Desperately seeking Zimbabwe’s post-stolen-election plan
Friday, March 28th, 2008 by Amanda AtwoodSo everything is feeling quite festive here in Harare the day before our Harmonised Election. The posters are everywhere, and they add so much colour to the place. There’s people in all sorts of election T-shirts everywhere, and I’m beginning to wish that every week was election week. Things just feel so much more possible.
On the road yesterday, I spotted a whole lot of MDC (Tsvangirai) graffiti, especially on the roads and on the kerbs of the roundabouts. And I wondered if the youth on the MDC spray paint team are cursing the day the MDC split – Vote MDC is just so much easier to write than Vote MDC Tsvangirai! Quicker, uses less paint, and runs you less risk of getting caught in the process. Maybe it’s high time each of the MDC factions chose their own names.
Running this morning, I noticed a $500 bill on the grass on the side of the road. Wet and abandoned, clearly not worth enough for anyone to bother picking it up.
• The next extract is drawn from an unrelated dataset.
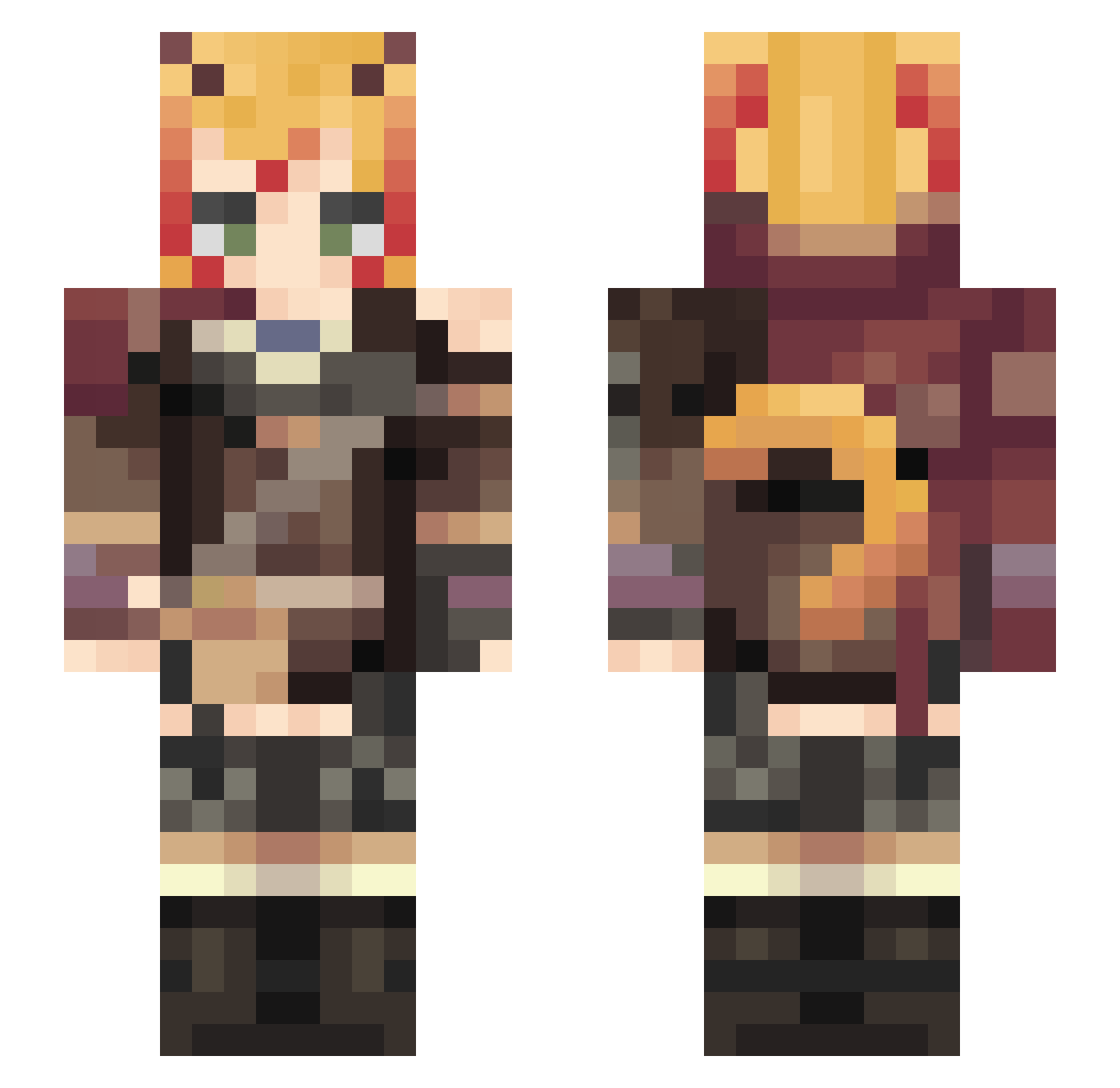 vampire_star Minecraft skin, front and back view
The other day, my colleague and I were distributing papers in Harare’s Avenues suburb. I spotted two $100,000 notes on top of the post boxes in one of the blocks of flats – again, so worthless it was just spare change lying there.
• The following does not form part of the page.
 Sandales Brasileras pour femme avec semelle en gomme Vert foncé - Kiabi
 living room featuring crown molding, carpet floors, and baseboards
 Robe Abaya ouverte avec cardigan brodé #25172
But if Mugabe’s biggest opponent in this election is inflation, Tsvangirai’s is the vote rigging which began long back. These elections are being held under such patently unfair and unequal conditions, they’ve been stolen before a single vote has been cast.
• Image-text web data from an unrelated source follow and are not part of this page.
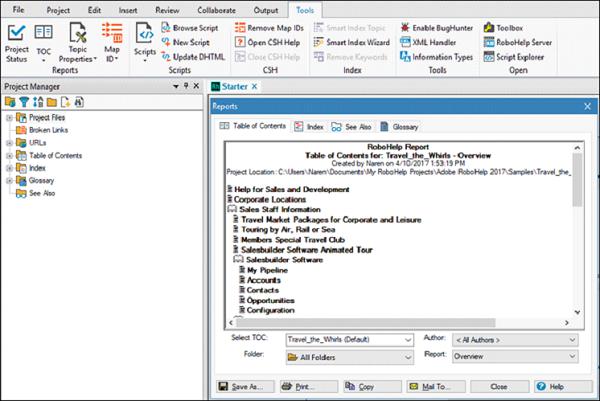Reports Dialog Box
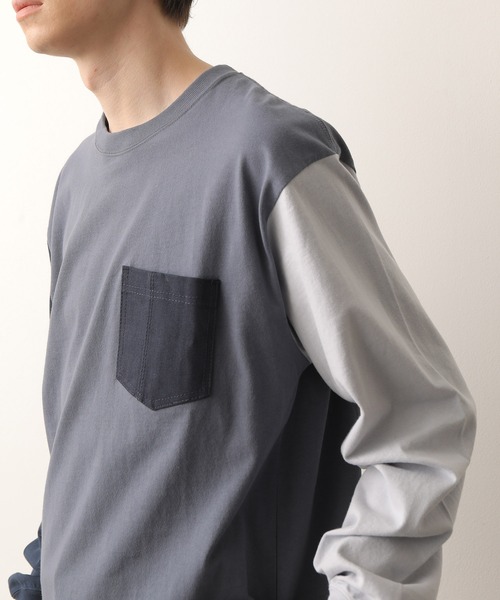 JUNRED(ジュンレッド)の「【別注】BEN DAVIS マルチカラー切替ロンT(Tシャツ/カットソー・メンズ・ホワイト/ダークブラウン/ブルー系その他4・LL/M/L)」の10枚目の写真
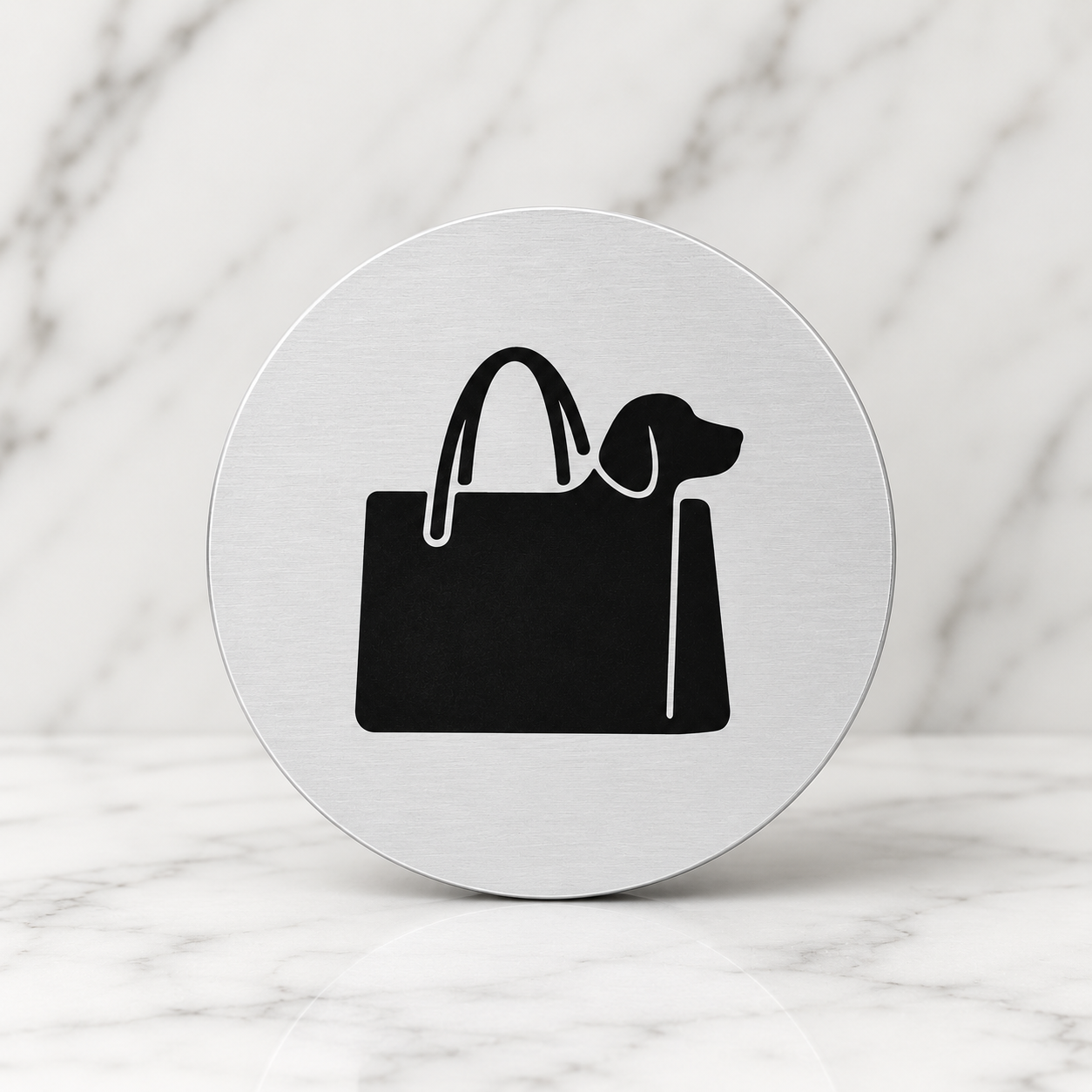 Pet Policy Pets in Carrier sign at a luxury boutique entrance welcoming small pets in a carrier bag.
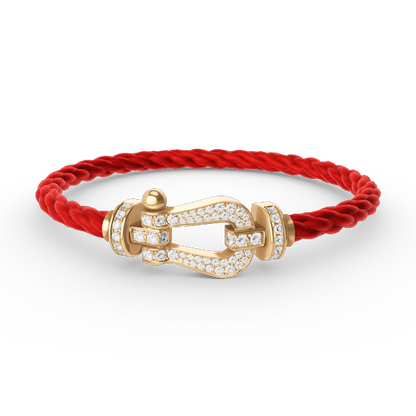 [⭐Sparkve]FORCE LARGE HORSESHOE FULL DIAMOND BRACELET GOLD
So, like Bev Clark was asking yesterday, what’s the plan to defend our vote? At the MDC’s rally on Saturday, Tsvangirai also stressed the importance of defending the vote. But what does that look like, really? I had my bag snatched a few years ago. I screamed like hell, I swore a blue streak at the muggers, and kicked at them when they tried to grope me as well. Imagine if we felt that passionately about protecting our vote.
One of our subscribers wrote in with this recommendation for defending the vote:
How about bombarding Mbeki, Zuma, Guebuza and other influential SADC leaders with examples of ZANU PF’s disrespect for democracy and human rights and demanding action? If hundreds of thousands of Zimbabweans write or e-mail these leaders, giving examples of why they are wrong to support Mugabe in his misrule of Zimbabwe they will at least not be able to deny knowledge of the worst atrocities or to claim that these people are in power by the choice of the people of Zimbabwe, and may be persuaded to apply meaningful pressure for change.
This is a good idea, and I do have a soft spot for letter writing campaigns. But what about the campaign here? Surely the president of South Africa or Mozambique is more likely to listen to Zimbabweans’ need for change if they can see us actively doing something to express our frustration here – not simply running to outsiders for help? It’s been one of my continuing frustrations – that we turn to the courts, or South Africa, or SADC for help, rather than reclaiming our vote ourselves.
So yes, I’ve let myself get a bit swept away by the hype and the music and the colours and the anticipation. But deep down I know that, as important as 29 March is, even more important is what we do, collectively and individually, when that vote is stolen, like I know it will be.